En estos días la humanidad contempla con horror la masacre israelí en Gaza. El ejército sionista no respeta hospitales, ambulancias, escuelas, ni distingue entre mujeres, niños y ancianos. En la medida en que la resistencia golpea a los agresores, la rabia homicida se desata con más furia sobre la población indefensa.
Recientemente, más de cien miembros de una familia palestina fueron sepultados bajo los escombros de un edificio, en un ataque sin sentido, realizado, como todos, para demoler las viviendas, matar civiles y borrar un pueblo de la faz de la tierra.
Las atrocidades cometidas por el ejército israelí resultan inauditas; el asedio y el bloqueo provocan una grave escasez de alimentos, recortes de suministros médicos y electricidad, así como falta de agua potable. La enfermedad y la muerte se ciernen sobre una pequeña franja de tierra que, a pesar de la atrocidad, no alza bandera blanca.
La dignidad de las víctimas asombra al mundo, un pueblo entero mira de frente a la muerte, convencido de que vencerá.
¿Pero quién arma a los asesinos? ¿Quiénes fabrican las bombas, los aviones, los proyectiles de artillería que incineran a hombres, mujeres y niños palestinos?
Los aviones militares de carga C-17 estadounidenses trasladan toneladas de armamentos a Israel, bombas no guiadas, armas «inteligentes», municiones con fósforo blanco, proyectiles de artillería, etc.
Si buscamos en la historia, veremos que, a pesar de lo escalofriante de la masacre, los alumnos apenas superan a sus maestros.
El uso de violencia indiscriminada contra civiles y niños, por las fuerzas militares de EE. UU. y sus aliados, no es una práctica novedosa: por desgracia, abundan los ejemplos.
A las 21:51 horas del 13 de febrero de 1945 sonó la alarma antiaérea en Dresde, Alemania. Solo en la primera oleada se lanzaron 525 toneladas de explosivos y 350 de bombas incendiarias.
Poco después, a la 1:05 de la mañana, 529 Lancaster británicos lanzaron 650 000 bombas incendiarias sobre la ciudad. Se sabe que la gran cantidad de incendios provocó una terrible tormenta de fuego.
Hiroshima y Nagasaki, ciudades japonesas sin valor militar alguno, fueron quemadas literalmente por armas nucleares, en un acto criminal innecesario, que nada puede justificar.
Pero es casi desconocido que, en las noches del 9 y el 10 de marzo de 1945, se llevó a cabo la denominada Operación Westinghouse, según la cual 334 bombarderos b-29 sobrevolaron Tokio y dejaron caer 1 665 toneladas de bombas, el más letal bombardeo de la historia. En algunos puntos de la ciudad la temperatura alcanzó los 1 800 grados.
El 24 de marzo de 1965, aviones Skyriders, protegidos por cazabombarderos a reacción de la Fuerza Aérea estadounidense, lanzaron un ataque con bombas de fósforo blanco contra poblaciones indefensas de Vietnam del Norte, convertidas en un verdadero infierno.
En la jerga militar, al fósforo blanco se le nombra como WP, acrónimo en inglés de white phosphorus. Durante la Guerra de Vietnam, el fósforo blanco fue bautizado por los militares estadounidenses con los alias Willy Pete o Willy Peter.
Las municiones que contienen fósforo arden en contacto con el oxígeno, agua y material orgánico, e incineran el tejido humano hasta dejar el hueso limpio, sin destruir la ropa.

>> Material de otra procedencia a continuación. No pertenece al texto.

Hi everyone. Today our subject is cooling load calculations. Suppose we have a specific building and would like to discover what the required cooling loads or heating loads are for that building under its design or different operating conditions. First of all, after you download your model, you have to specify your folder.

Willy Pete fue utilizado indiscriminadamente contra la ciudad iraquí de Faluya, una urbe de 350 000 habitantes, en el centro de Irak, que sufrió dos meses de bombardeos indiscriminados. Las fuerzas estadounidenses usaron, además, un arma conocida como Mark-77.
Las Mark-77 evolucionaron a partir de las bombas de napalm, usadas en Vietnam y en Corea. Contienen combustible jet para avión, queroseno y poliestireno. Al igual que el napalm, este agente forma una gelatina que se pega a las estructuras y a los cuerpos de las víctimas.
La humanidad debe poner fin al etnocidio sionista, manifestación brutal del doble rasero en las relaciones internacionales. Los pretendidos sheriffs del mundo actúan con impunidad, ante lo cual el resto del planeta debe unirse, para evitar el crimen y proteger el futuro de la especie humana.